De pronto termino una secuencia muy intensa, y a continuación toca otra secuencia de intensidad similar, y con el mismo personaje. No va a funcionar. No en este punto de la trama. Hace falta una secuencia más "trivial" entre medias. Una estación de paso. Una maldita "nota al profe del colegio".
Me tomo una cerveza con el director, lo comento con él. Me dice, casi con despreocupación: "Pon cualquier cosa. Una secuencia del novio intentando llamarla al móvil, por ejemplo. Y ella que no se lo coge."
Y, coño, pues sí, con eso basta. El novio llamando por teléfono y si acaso un detallito más para que la secuencia haga avanzar la trama además de servirnos de respiro. No hay que complicarse la vida. Basta con eso:
INT. CASA DEL PUTO NOVIO. NOCHE.
"Estimado profesor: Mi hijo no ha asistido a sus clases estos días porque ha estado enfermo." Punto.
Supongo que en ocasiones nos bloqueamos con esas chorradas por una especie de soberbia extraña. Pensamos que algo tan sencillo no es digno de ser contado por unos escritores tan "cojonudos" como nosotros. Damos por hecho que lo podría hacer cualquiera.
O tal vez nos hemos acostumbrado tanto a desnudar el alma en la escritura que nos sentimos incómodos cuando las formalidades nos obligan a acudir vestidos a la cita. No sabemos hacernos el nudo de la corbata. Nos sentimos como el Albatros de Baudelaire. Y aunque no lo comentemos en voz alta, aunque ni siquiera lo pensemos conscientemente, el mero hecho de sentirse así ya resulta pretencioso.
No obstante, aún más pretencioso resultaría intentar cambiar nuestra forma de ser a estas alturas. Es por ello que, para no atascarme tanto con esas "secuencias-trámite" de los guiones, intento buscarles siempre algo que las haga parecer menos insípidas. Un mínimo destello de belleza, de originalidad, de lo que sea.
Pero sin pasarse. Sin salirse del tiesto. Sin distorsionar la intención narrativa por querer "lucirnos" cuando no procede.
Lo contrario equivaldría a redactar en verso la típica carta de "aquí le envío mi curriculum".
Yo hice algo parecido en cierta ocasión. Mandé una de mis novelas a varias editoriales con una carta que pretendía ser original y llamar la atención y todo eso.

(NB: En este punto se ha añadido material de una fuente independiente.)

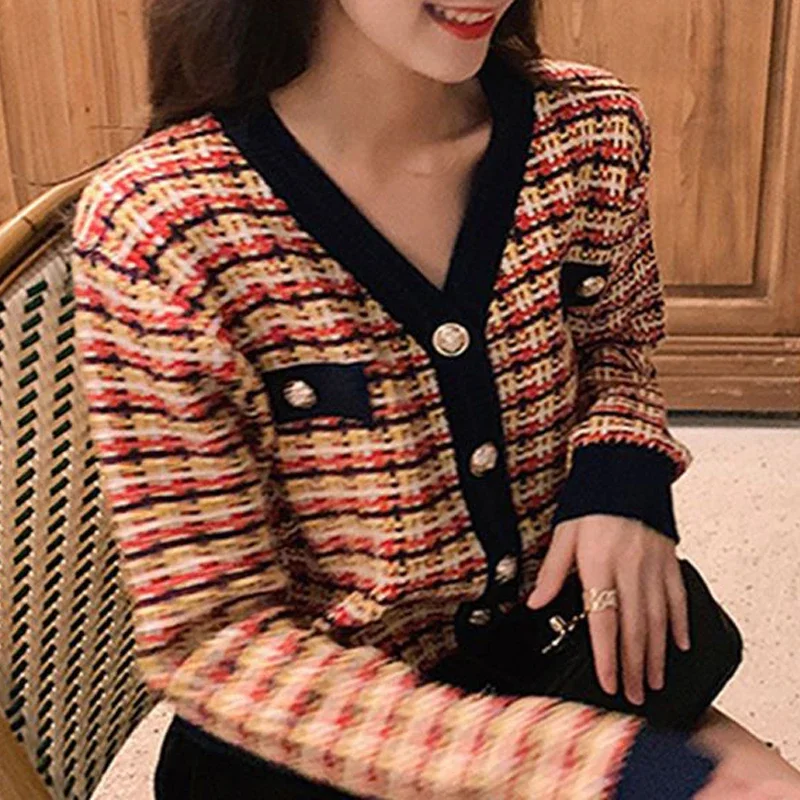 

Vintage Plaid Patchwork Chic Button Outewear Knitted Cardigan Autumn Winter Trendy V Neck Long Sleeve Sweet Sweater Coat Z639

La carta consistía en yo intentando presentarme de manera ortodoxa y mi madre (es decir, otras frases con tipografía distinta) interrumpiendo mis líneas para intentar hablar bien de mí pero de forma más coloquial, poniéndome por las nubes ("amor de madre") vendiendo mi moto, alabando mis logros y mi trayectoria personal de esa manera en que yo no no podría hacerlo sin que se me cayera la cara de vergüenza. La carta se iba convirtiendo poco a poco en una discusión entre esa hipotética madre mía (que continuaba ensalzando mi persona) y yo, que le suplicaba que se callase y me dejara hacerlo a mí, que aquello era una carta seria destinada a personas serias.
Creo que me quedó muy divertida.
Evidentemente, nadie me hizo ni puto caso. Estaba meando fuera del tiesto.